Hey everyone! I usually talk about my bettas that I keep up at college with me here, but I now have a question about my two goldfish (Shamrock and Jazz) that are at home. Though they are both carnival fish they are approximately 5 years old and have grown big, despite the notorious knowledge of carnival fish not lasting very long. We lost a third goldie about two years ago, so we're left with the two.

I'm really the only one who will take care of them: aside from feeding, when I'm home it is always my chore to do a full clean of their 20 gal tank. I know, its small, but its the best we can do for now. The tank is filtered, but of course still gets dirty. Sometimes they go over 6 weeks without a tank cleaning while I'm at school.

I am going to take summer classes and I was wondering if I could possibly invest in snails or another bottom feeder fish to pop in there with them to eat up the algae and anything gross. I will rarely be home all summer and I would like to know they are being taken care of. 

MY Question: Is that what species are safe for goldies that would eat some gross stuff? Or would some device or cleaning thing that we could buy be more advisable? Let me know :3

Thank you!
Pucky


----------



## Bombalurina (Oct 10, 2011)

Not a good idea. Anything you add will simply increase the bioload of an already overstocked tank. Snails have a heavy bioload. 
Algae is not a problem for fish, just for the humans who don't want to look at it. 

There really is no device or cleaning thing you could use, unless you want to pay a petsitter to do a weekly or biweeky change. 

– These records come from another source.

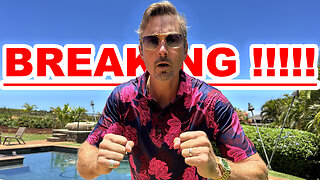 BREAKING !!!!!!!! MASSIVE TRUMP CRYPTO NEWS !!!!! WORLD ALTERING STABLECOINS AND DIGITAL RESET !!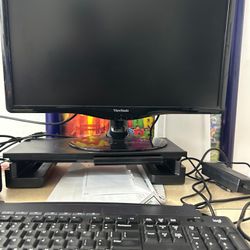 ViewSonic Monitor
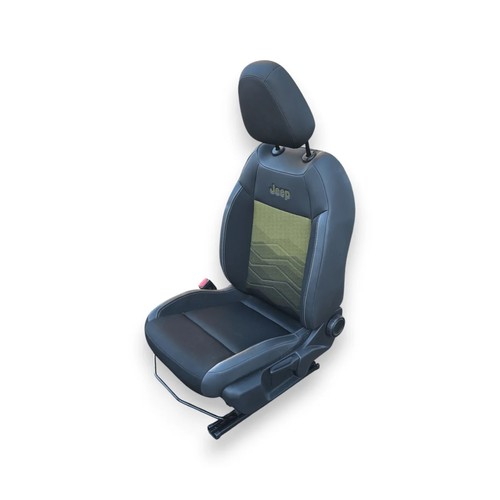 Sedile lato passeggero jeep - sedile,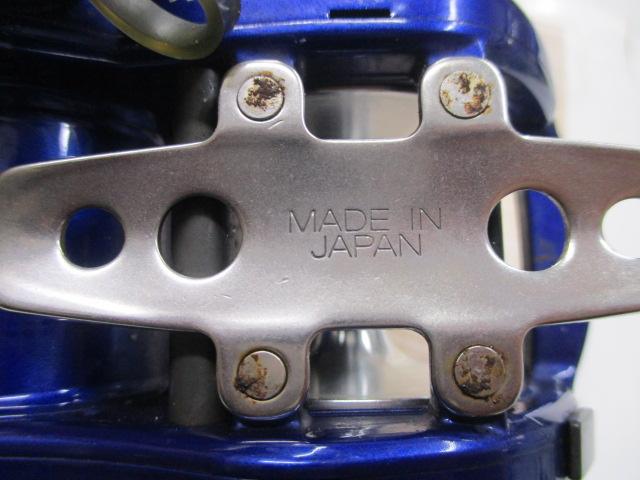 ハイパータナコン 400FBe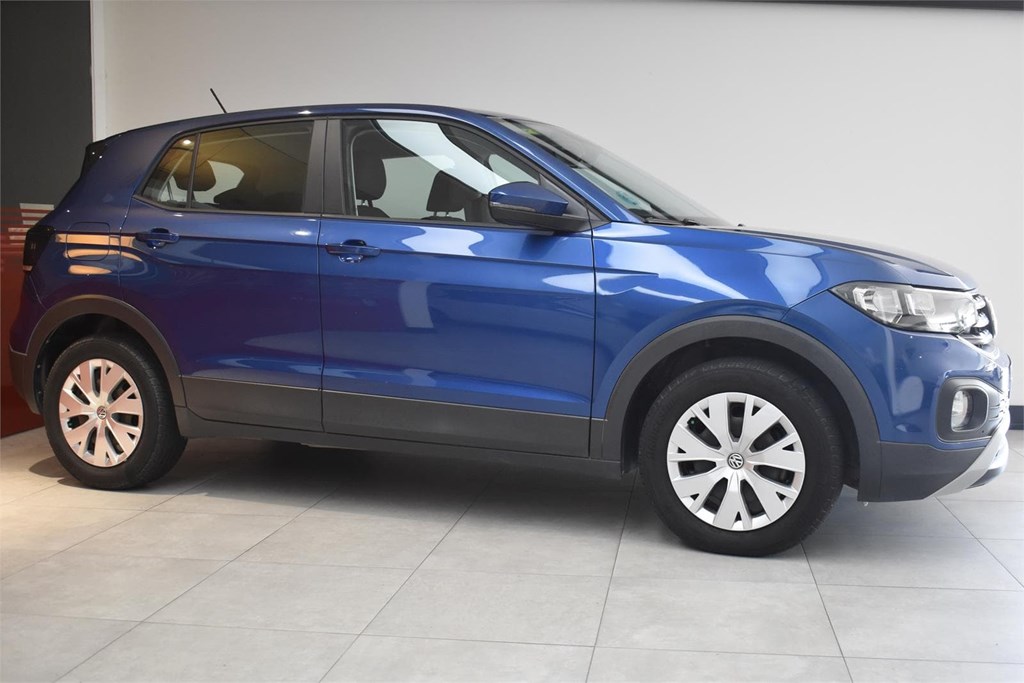 Foto 24 T-CROSS EDITION 1.0TSI 95CV 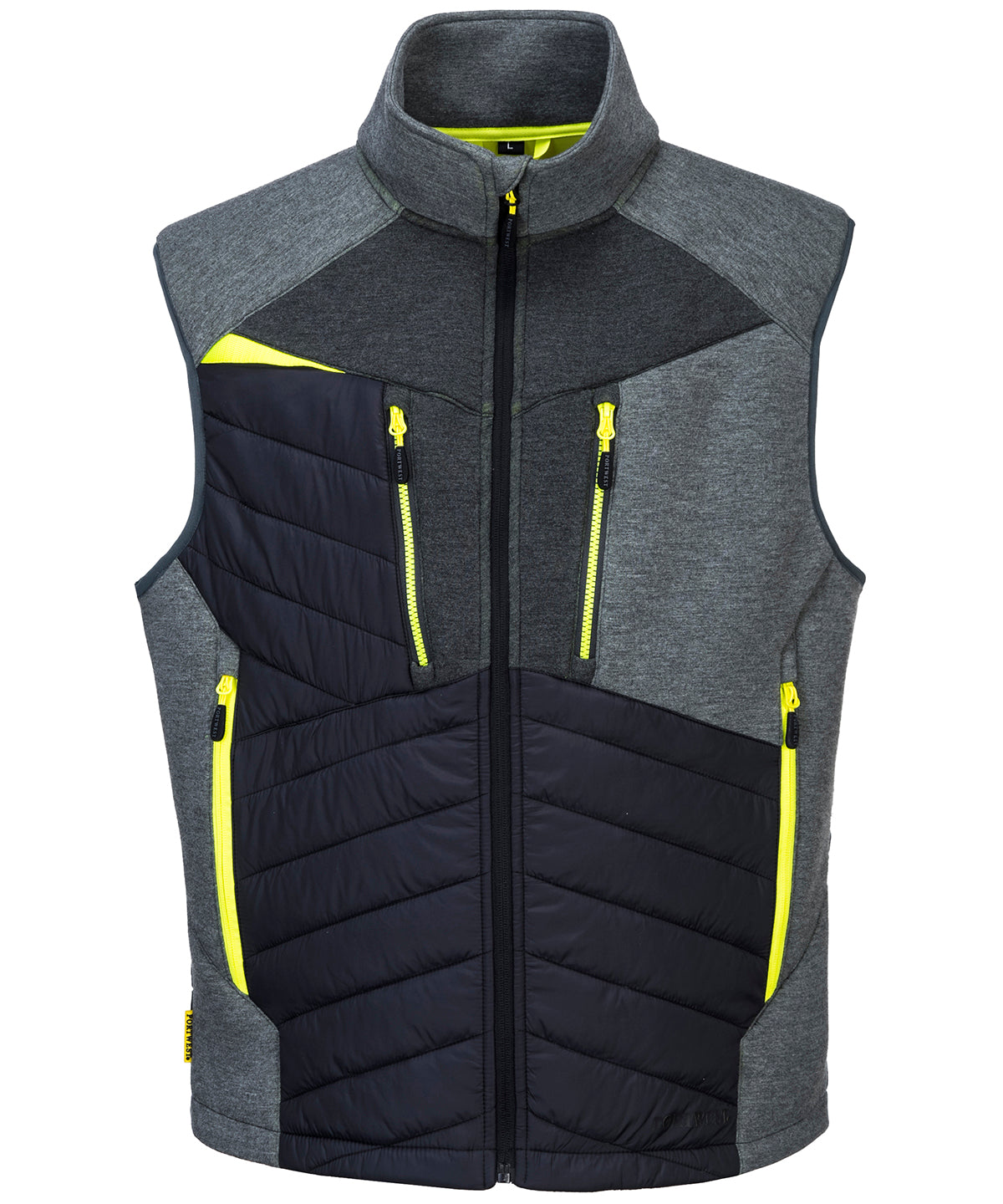 DX470 Dx4 Hybrid Baffle Gilet (Dx470)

I would strongly suggest getting some live plants to suck up the ammonia - duckweed, hornwort and anacharis are all fast-growing and goldies can snack on them.


----------



## Mumma (Mar 9, 2012)

I agree with the about post. Adding more stock will just add to the problem. Algae isnt necessarly a sign of a dirty tank but it can indicate high levels of nitrate and phosphate from over feeding or not enough water chnages. Clean up crews will eat excess food and some algae but not poop. If someone ever discovers a poop eating fish they'll make millions! If you have anyone that can do water changes while your away your fish will really benifit from it.


----------



## 1077 (Apr 16, 2008)

Fish are 5 years old and still can't provide larger quarter's?:-(


----------



## thekoimaiden (Oct 19, 2011)

Goldfish are remarkably resilient hence why they are found on almost ever continent. Bomba is right. Don't add any more fish or inverts. Add plants! They really liven up the tank and have visible effects on water quality and algae especially in a goldy tank. Water sprite is another plant you might want to try. It will do great if you leave it floating as it will also provide shade for the fish and not allow light to reach and feed the algae.


----------